-- Opening Marker --
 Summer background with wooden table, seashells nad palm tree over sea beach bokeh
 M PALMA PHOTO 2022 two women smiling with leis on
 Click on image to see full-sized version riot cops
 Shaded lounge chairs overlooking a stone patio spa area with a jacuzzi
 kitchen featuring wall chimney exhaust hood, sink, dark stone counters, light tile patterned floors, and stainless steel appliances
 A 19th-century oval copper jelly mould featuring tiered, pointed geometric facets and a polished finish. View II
-- Closing Marker --
What the task requires ▸
Find "Shaded lounge chairs" in the material above; set down exactly the line holding it and every line after it, through the last, and no others.

Exercise response ▸
 Shaded lounge chairs overlooking a stone patio spa area with a jacuzzi
 kitchen featuring wall chimney exhaust hood, sink, dark stone counters, light tile patterned floors, and stainless steel appliances
 A 19th-century oval copper jelly mould featuring tiered, pointed geometric facets and a polished finish. View II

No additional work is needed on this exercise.